L’administration pénitentiaire a décrit le conflit acharné entre les gangs organisés qui se nourrissent du trafic de drogue et qui utilisent les prisons comme bases d’opérations.

Selon Moncayo, lundi, les gardiens ont saisi deux armes à feu qui allaient être utilisées pour anéantir les dirigeants de l’une des organisations opposées qui sont emprisonnés à Guayaquil. Ses ennemis voulaient anticiper « des actions violentes » et ont ordonné le « meurtre de prisonniers dans d’autres centres », a-t-il dit.

Le fonctionnaire a mentionné des groupes tels que Los Pipos, Los Lobos, Tigrones et Chone Killers.

«À l’intérieur, c’est comme un marché. Il y a de tout: de la drogue, des armes, même des chiens. Tout est à vendre», selon Soria. «Quand les prisonniers voient venir la violence, ils s’enferment dans leurs cellules», a-t-il déclaré avant de courir après une ambulance.

Le gouvernement a activé un poste de commandement unifié pour faire face à la crise, qui coïncide avec la mobilisation de centaines d’indigènes à Quito qui réclament un recomptage des votes après le premier tour présidentiel du 7 février.
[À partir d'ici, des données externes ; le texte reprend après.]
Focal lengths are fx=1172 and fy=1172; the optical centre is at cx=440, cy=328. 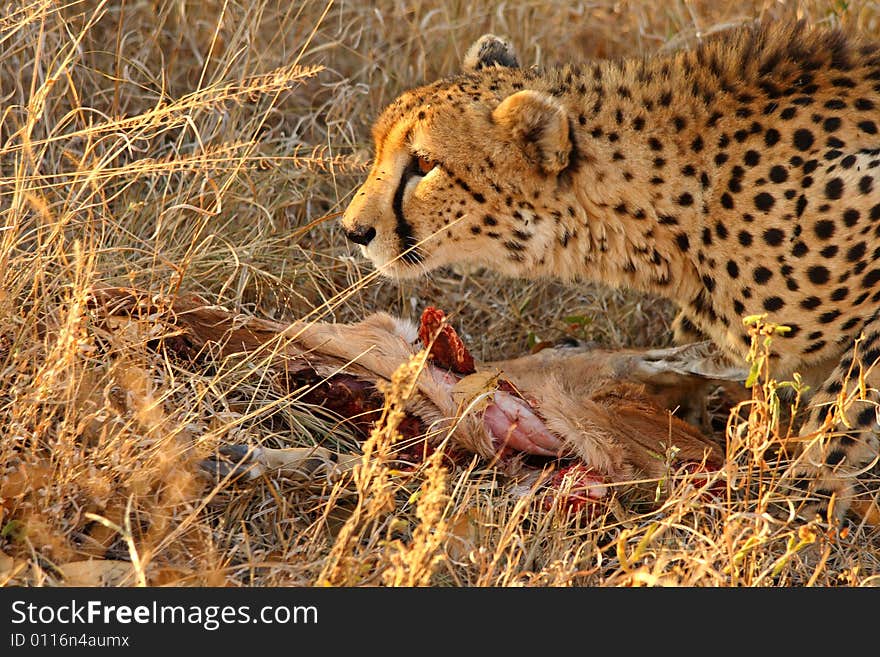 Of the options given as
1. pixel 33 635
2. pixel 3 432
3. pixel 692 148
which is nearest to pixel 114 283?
pixel 3 432

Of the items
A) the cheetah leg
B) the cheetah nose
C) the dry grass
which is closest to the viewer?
the dry grass

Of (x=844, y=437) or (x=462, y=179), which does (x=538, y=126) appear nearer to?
(x=462, y=179)

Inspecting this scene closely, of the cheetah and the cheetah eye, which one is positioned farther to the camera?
the cheetah eye

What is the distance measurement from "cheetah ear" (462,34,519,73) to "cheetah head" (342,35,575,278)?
20cm

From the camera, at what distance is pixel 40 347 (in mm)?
2750

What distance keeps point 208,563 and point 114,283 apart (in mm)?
1236

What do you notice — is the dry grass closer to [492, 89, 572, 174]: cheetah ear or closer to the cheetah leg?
the cheetah leg

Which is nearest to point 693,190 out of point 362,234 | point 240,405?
point 362,234

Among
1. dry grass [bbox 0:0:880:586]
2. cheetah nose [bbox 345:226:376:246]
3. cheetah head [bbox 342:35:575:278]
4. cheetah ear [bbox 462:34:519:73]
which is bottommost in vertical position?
dry grass [bbox 0:0:880:586]

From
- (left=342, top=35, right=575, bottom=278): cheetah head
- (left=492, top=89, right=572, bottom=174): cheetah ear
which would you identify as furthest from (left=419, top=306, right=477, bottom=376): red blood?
(left=492, top=89, right=572, bottom=174): cheetah ear

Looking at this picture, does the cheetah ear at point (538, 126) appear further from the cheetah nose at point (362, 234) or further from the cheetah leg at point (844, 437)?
the cheetah leg at point (844, 437)

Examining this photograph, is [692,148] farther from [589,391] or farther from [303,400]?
[303,400]

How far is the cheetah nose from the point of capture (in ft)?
10.7

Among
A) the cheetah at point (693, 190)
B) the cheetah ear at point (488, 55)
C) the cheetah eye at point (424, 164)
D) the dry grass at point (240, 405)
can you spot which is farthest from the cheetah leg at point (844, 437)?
the cheetah ear at point (488, 55) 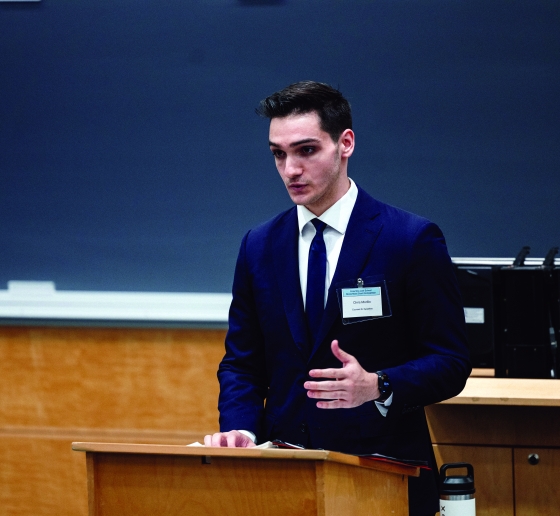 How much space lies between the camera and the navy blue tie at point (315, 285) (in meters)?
1.76

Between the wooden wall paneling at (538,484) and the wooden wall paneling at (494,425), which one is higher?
the wooden wall paneling at (494,425)

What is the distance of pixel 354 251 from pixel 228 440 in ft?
1.58

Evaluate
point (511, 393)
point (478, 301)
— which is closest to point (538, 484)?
Answer: point (511, 393)

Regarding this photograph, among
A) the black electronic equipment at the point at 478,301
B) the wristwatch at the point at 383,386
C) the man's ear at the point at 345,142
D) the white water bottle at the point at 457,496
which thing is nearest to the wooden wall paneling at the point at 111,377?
the black electronic equipment at the point at 478,301

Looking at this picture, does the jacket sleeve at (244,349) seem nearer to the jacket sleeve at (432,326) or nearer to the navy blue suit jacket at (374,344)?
the navy blue suit jacket at (374,344)

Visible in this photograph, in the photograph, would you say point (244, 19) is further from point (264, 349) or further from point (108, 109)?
point (264, 349)

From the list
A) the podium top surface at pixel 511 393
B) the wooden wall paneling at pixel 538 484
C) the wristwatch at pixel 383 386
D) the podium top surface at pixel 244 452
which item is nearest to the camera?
the podium top surface at pixel 244 452

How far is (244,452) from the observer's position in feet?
4.18

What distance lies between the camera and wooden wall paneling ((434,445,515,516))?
2.93 meters

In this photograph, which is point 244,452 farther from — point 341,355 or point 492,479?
point 492,479

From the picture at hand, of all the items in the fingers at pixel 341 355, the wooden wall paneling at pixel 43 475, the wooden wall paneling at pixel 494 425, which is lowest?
the wooden wall paneling at pixel 43 475

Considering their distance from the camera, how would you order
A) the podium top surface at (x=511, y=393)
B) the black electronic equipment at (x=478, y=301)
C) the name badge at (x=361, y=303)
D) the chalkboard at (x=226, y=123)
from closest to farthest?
1. the name badge at (x=361, y=303)
2. the podium top surface at (x=511, y=393)
3. the black electronic equipment at (x=478, y=301)
4. the chalkboard at (x=226, y=123)

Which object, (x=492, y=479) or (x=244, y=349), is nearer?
(x=244, y=349)

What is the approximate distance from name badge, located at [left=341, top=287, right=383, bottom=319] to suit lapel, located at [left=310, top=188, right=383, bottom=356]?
1.1 inches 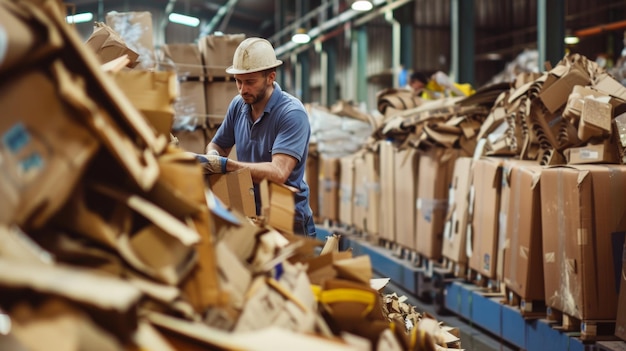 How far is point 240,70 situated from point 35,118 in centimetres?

Son candidat, l’écologiste Yaku Pérez, dénonce avoir été victime d’une fraude présumée qui l’a exclu du scrutin d’avril.

En décembre, plusieurs émeutes dans les prisons équatoriennes attribuées à des conflits de pouvoir entre des organisations criminelles et de trafic de drogue ont fait onze détenus morts et sept autres blessés.

Le système pénitentiaire équatorien est composé d’environ 60 centres d’une capacité d’accueil de 29 000 personnes et de 1 500 gardiens, avec un déficit d’au moins 2 500 gardiens. La surpopulation est d’environ 30% (38 000 détenus).

Le gouvernement a décrété une exception relative à l’état de prison pendant 90 jours qui s’est terminée en novembre et qui visait essentiellement à reprendre le contrôle des prisons. Face à la violence, il a adopté la même mesure en 2019.

Le Bureau du Médiateur, qui a tenu l’État responsable de la situation carcérale pour ne pas avoir respecté «son obligation de garant des droits» des détenus, a indiqué qu’en 2020, 103 meurtres avaient eu lieu dans les pénitenciers.

De janvier à ce mardi, la police avait fait état de trois morts dans des affrontements entre détenus.

L’agence gouvernementale en charge des prisons a reconnu le manque de personnel de sécurité, qui « entrave les actions de réponse immédiate » face aux révoltes de prisonniers.

Au milieu de la pandémie de covid-19 et pour réduire le nombre de prisonniers, l’Équateur a appliqué l’année dernière des mesures de substitution pour ceux qui purgeaient des peines pour des délits mineurs, réduisant ainsi le nombre de détenus de 42% à 30%.